In contrast, average German spot market prices 2015 to 2021 were below 50 Euro / MWh. That market participants seem to expect twenty-fold higher prices in 2023 than the average of those previous years seems really scary. (I deeply hope that at least a lot of firms have hedged their long term electricity demand when future prices were still low).
The current electricity markets operate in their core like other free markets where prices are determined by the intersection between supply and demand. (Electricity spot and future markets are also augmented by markets for balancing energy, some mechanism for redispatch to deal with network constraints, and in some countries capacity mechanisms). And in normal times, this market design seems in many dimensions superior to alternatives. Yet, given the current unforeseen, massive shock, some modifications could turn out helpful to dampen the impact. I know that it seems incredibly hard to implement sensible reforms within a short time frame, but still wanted to write up a proposal.
[UPDATE 2022-08-31]: After the post went into circulation, I got extremely helpful feedback from several people. I have included several updates in the discussion section. Indeed, the discussion section might be more interesting than the proposal itself. It points out a growing list of potential quite serious issues that have to be tackled, not all of them with an obvious solution. Many issues will also arise in other proposals for a change in market design or for a taxation of infra-marginal profits. At the moment, I am even more convinced that these issues can unfortunately be extremely tricky and that warnings like this one from EPEX should be taken seriously. On the other hand, the risks of such stark electricity price increases are also huge. So one should definitely think a lot and carefully about whether there are sensible measures, we could implement.

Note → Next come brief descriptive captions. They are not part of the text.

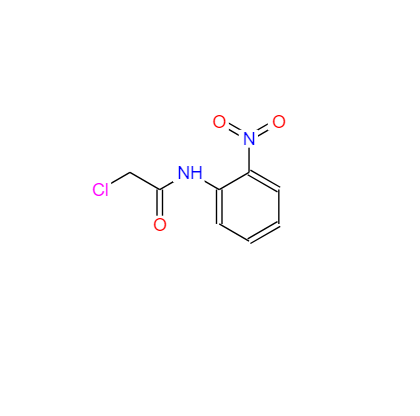 2-氯-2'-硝基乙酰苯胺,ALPHA-CHLORO-2-NITROACETANILIDE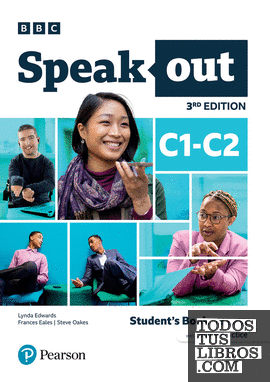 Speakout 3ed C1âC2 Student's Book and eBook with Online Practice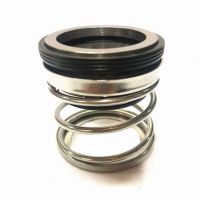 谐晟 环密水泵机械密封件 108-45 合金+合金 1个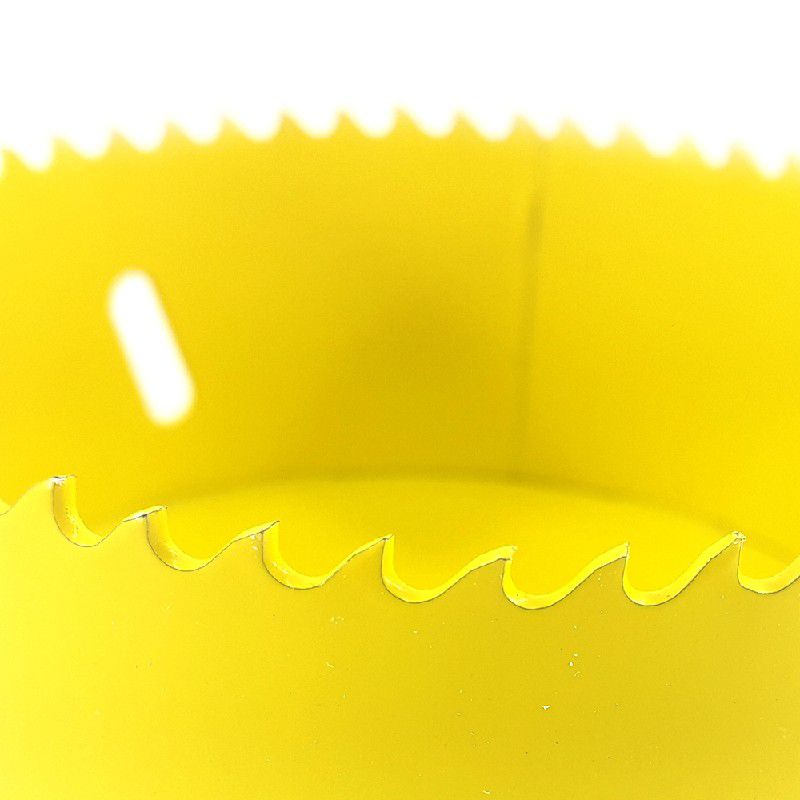 Serra Copo Bimetálica 95mm - 3.3/4 (30,0043) - Rocast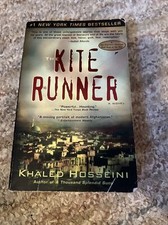 The Kite Runner by Khaled Hosseini (2004, Trade Paperback)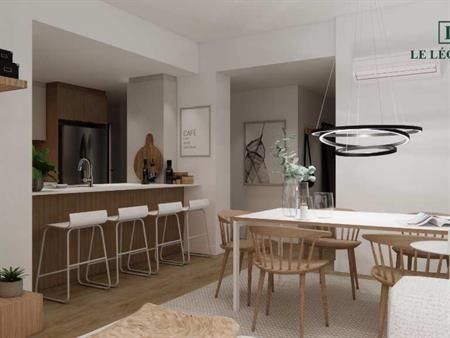 4 1/2 neuf - 2 chambres - Québec Sainte-Foy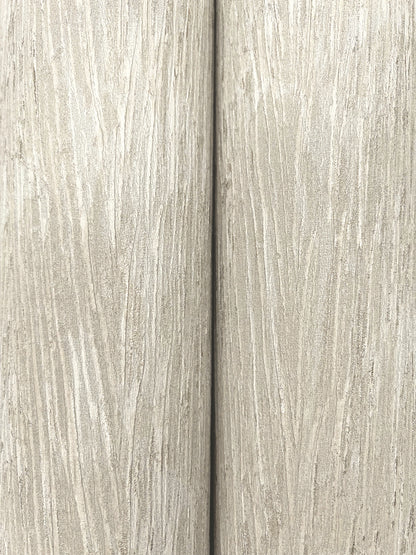 York Wallcoverings Formations Gilded Plume Warm Grey Wallpaper Modern Textures Beiges   - FM1003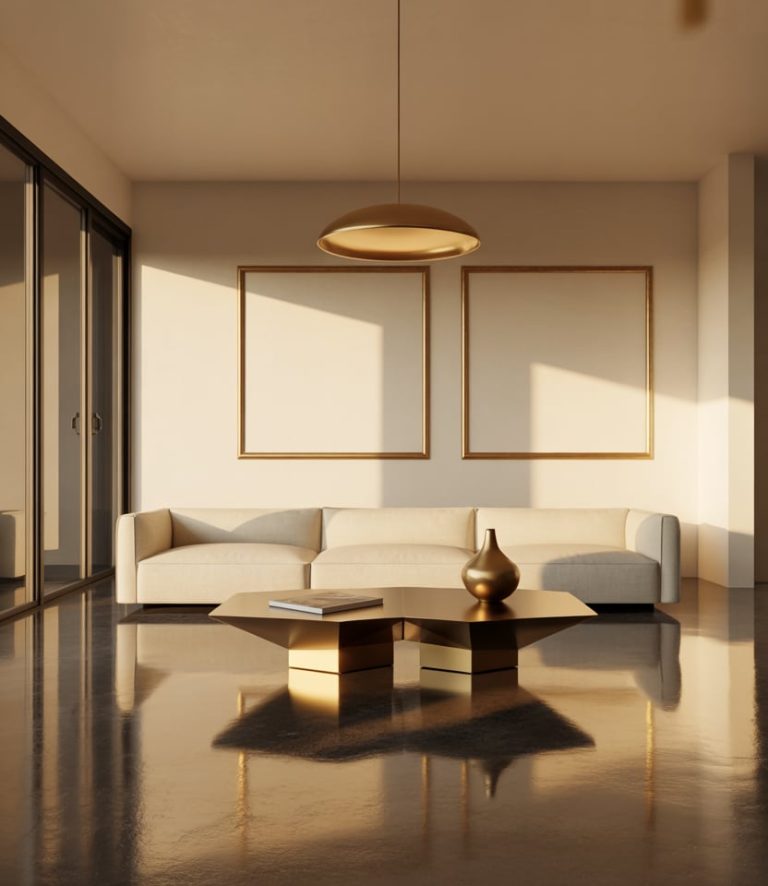 Image showcasing Minimalist Living Room 2026: Modern Apartment Decor Inspiration for ...
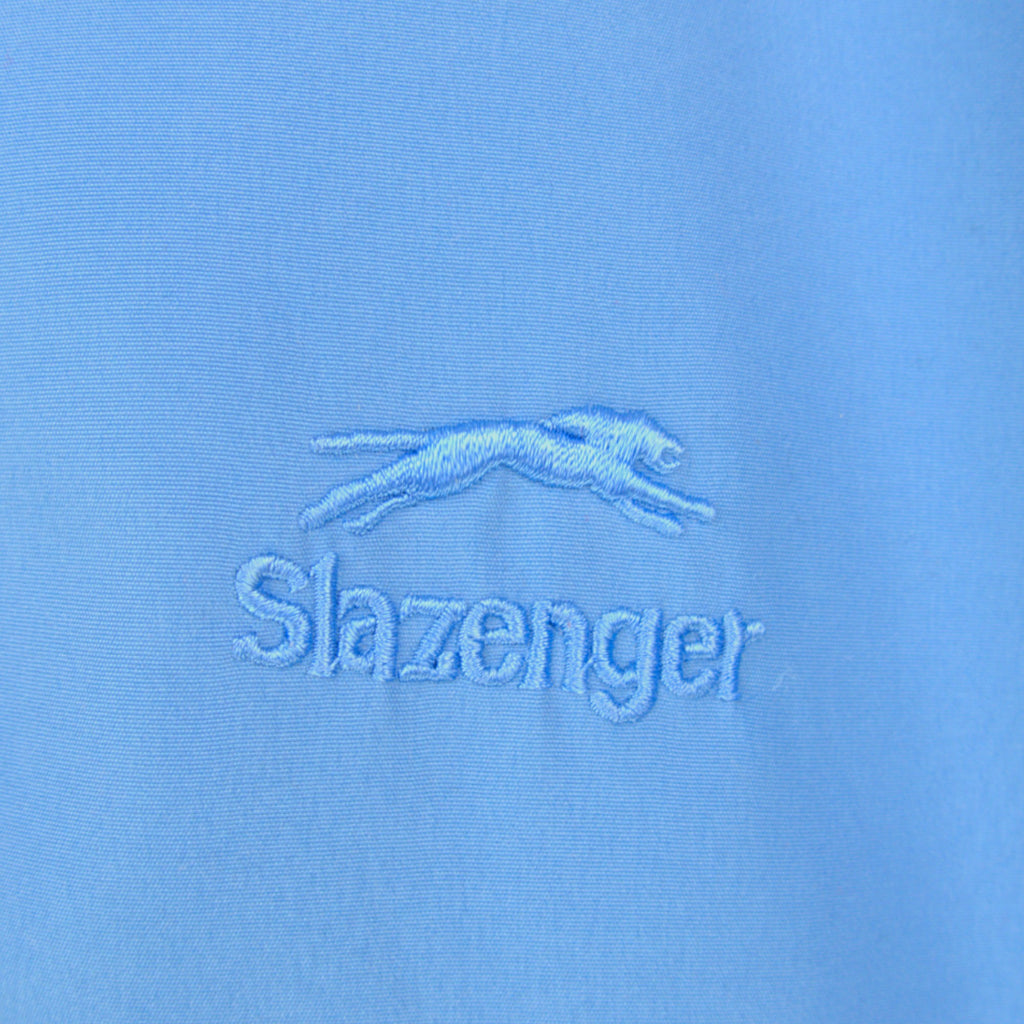 VINTAGE WMNS SLAZENGER TRACK JACKET - 10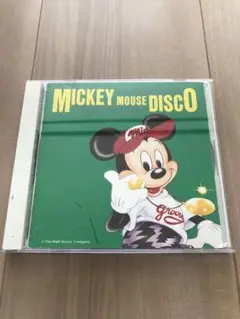 ☆希少レアMURO推薦盤☆ディズニー唯一公式ディスコカヴァー傑作CDアルバム名盤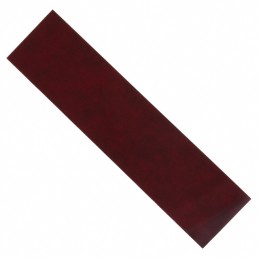 1 pcs : 1593SIR10 - Plastic Panel, End 2.343' L x 0.591' W x 0.067' H (59.51mm x 15.01mm x 1.70mm) Infra-Red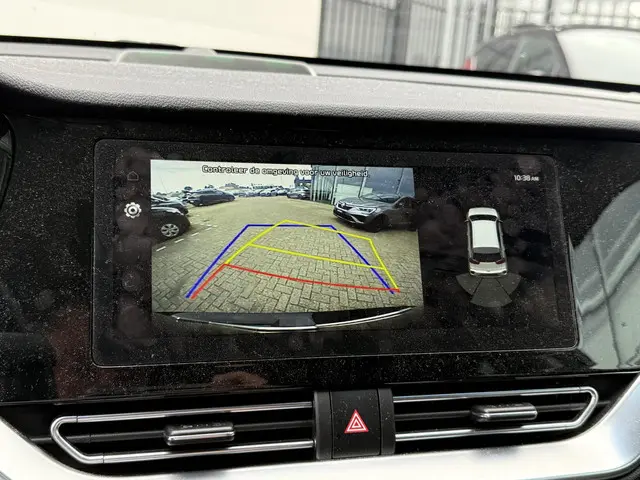 Kia e-Niro Edition 64 kWh 2021 Elektrisch 26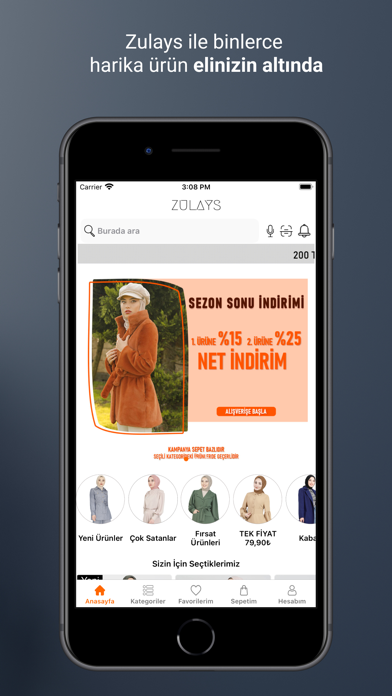 Zülays Screenshot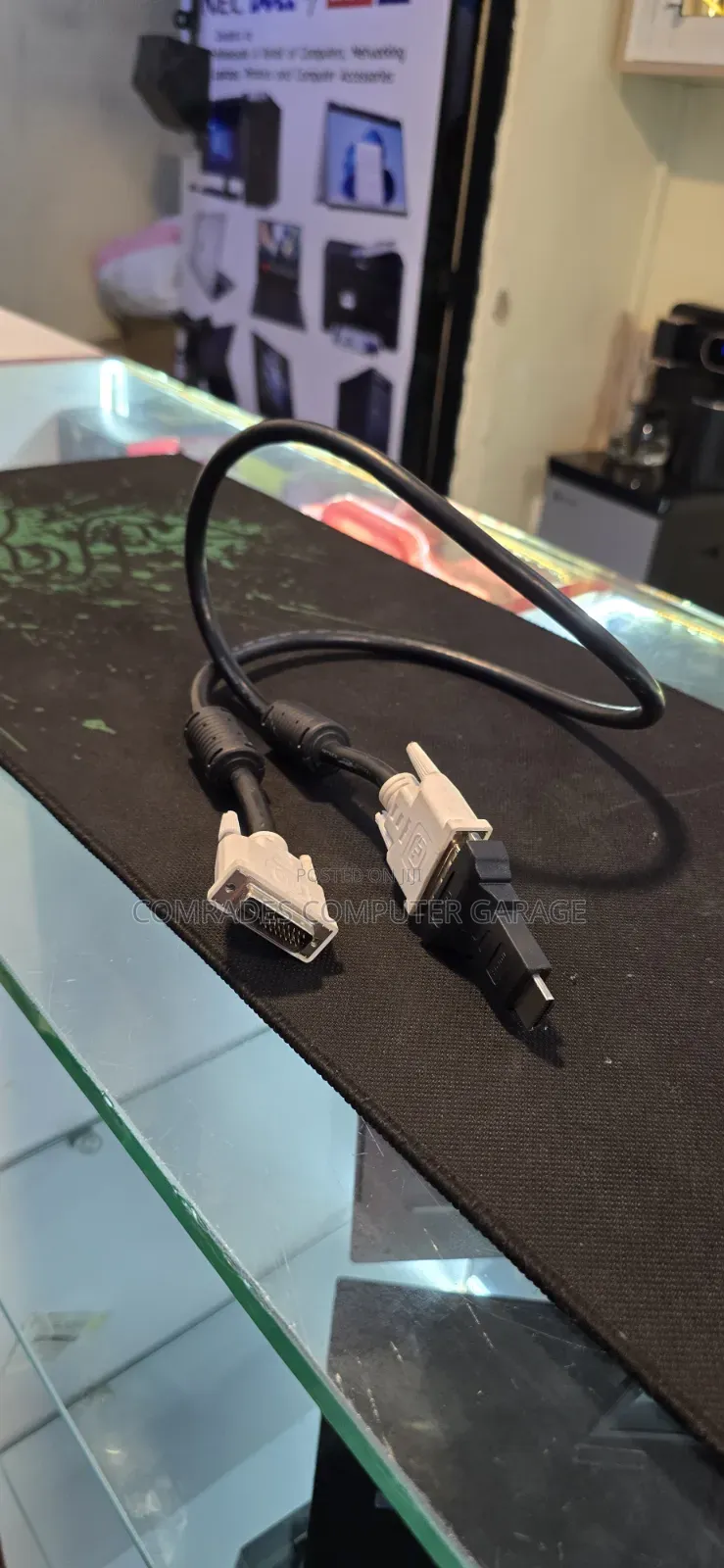 Hdmi to Dvi Cable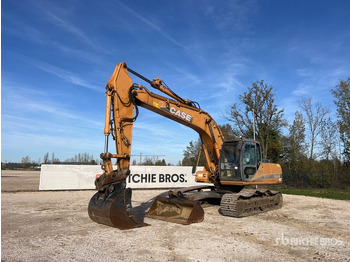 履带式挖掘机 CASE CX210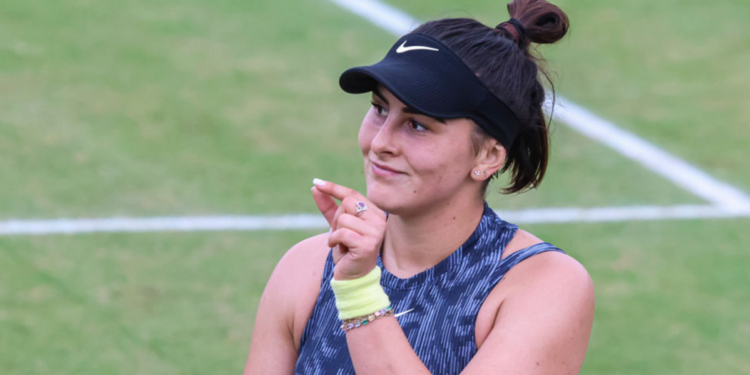 Tennis players must shower 'in full view' of officials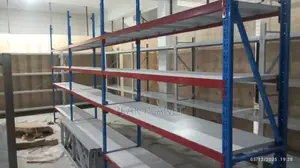 Industrial Shelves / Warehouse Racks – Heavy Duty Storage 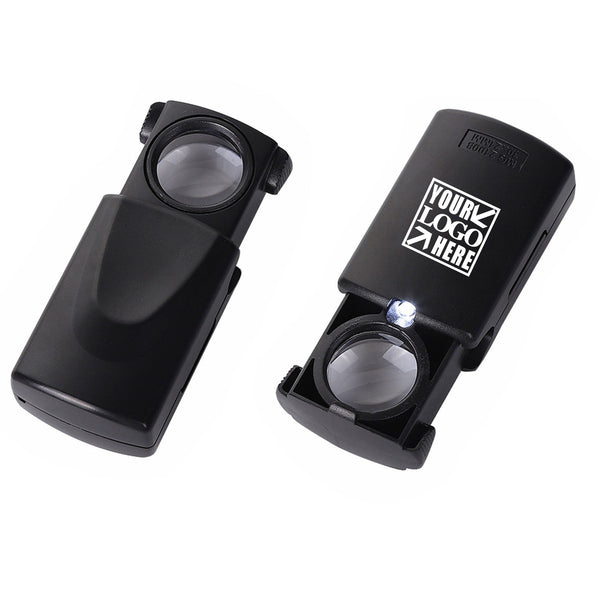 Magnifier Loupe with LED Light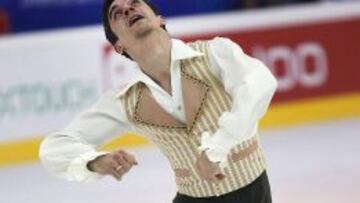 El actual campe&oacute;n de Europa, Javier Fern&aacute;ndez, se ha proclamado este domingo en Granada campe&oacute;n de Espa&ntilde;a de patinaje art&iacute;stico. Javier Fern&aacute;ndez, bicampe&oacute;n de Europa y medalla de plata de la Final del ISU Grand Prix Barcelona 2014, se impuso con 255,11 puntos totales. 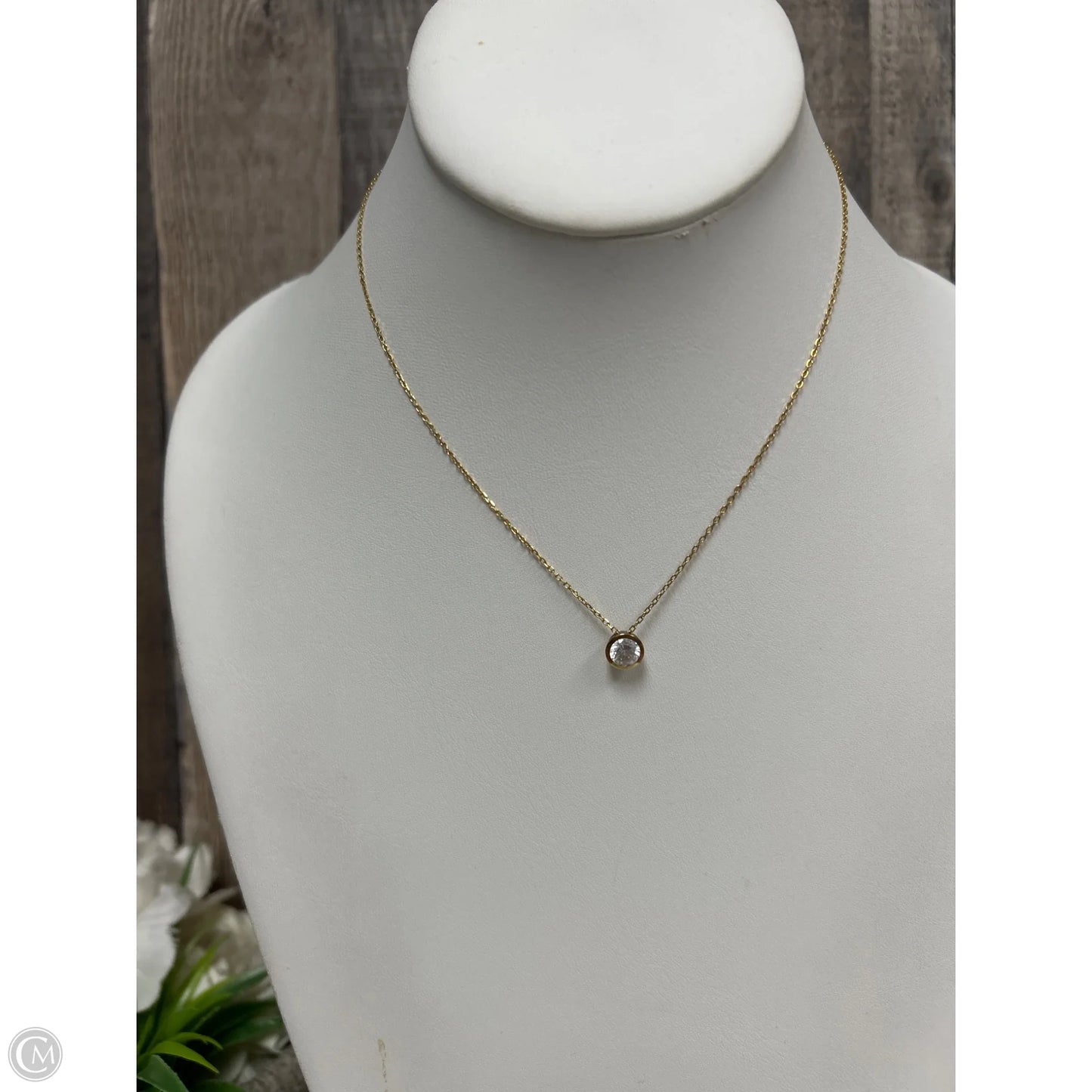 Necklace Charm By Cmf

Here is the sketched proposal, later I show some numbers:
In the electricity spot market, enforce a price cap for power plants that don’t use natural gas. The price cap should be well above marginal cost estimates for those plants. Let’s say 300 Euro / MWh in this example. Non-gas plants cannot bid above the price cap and get at most the price cap.
Gas power plants can bid higher prices in the spot market (with no or a much higher cap). E.g. some gas plants may bid 600 Euro / MWh and others may bid 1000 Euro / MWh.
If demand meets supply at an equilibrium price below the price cap then buyers simply pay the equilibrium price in that trading period. If at the price cap of 300 Euro / MWh demand still exceeds supply, prices are formed as following. We determine a uniform price that gas power plants receive based on their bids so that in the end demand equals supply. Buyers pay a price equal to the total payments to suppliers divided by the traded quantity (see numerical example below).
A simple numerical example
For simplicity, we assume the spot market trading is for periods of one hour and hourly demand is in the MWh range instead of the more realistic GWh range.
Assume we have a fixed demand of 50 MWh and every buyer is willing to bid at most 1500 Euro / MWh.
Supply by non-gas power plants is 30 MWh: no bid is allowed to exceed the price cap of 300 Euro / MWh.
CCGT (combined cycle gas turbine) gas power plants offer a supply of 10 MWh at a price of 600 Euro / MWh.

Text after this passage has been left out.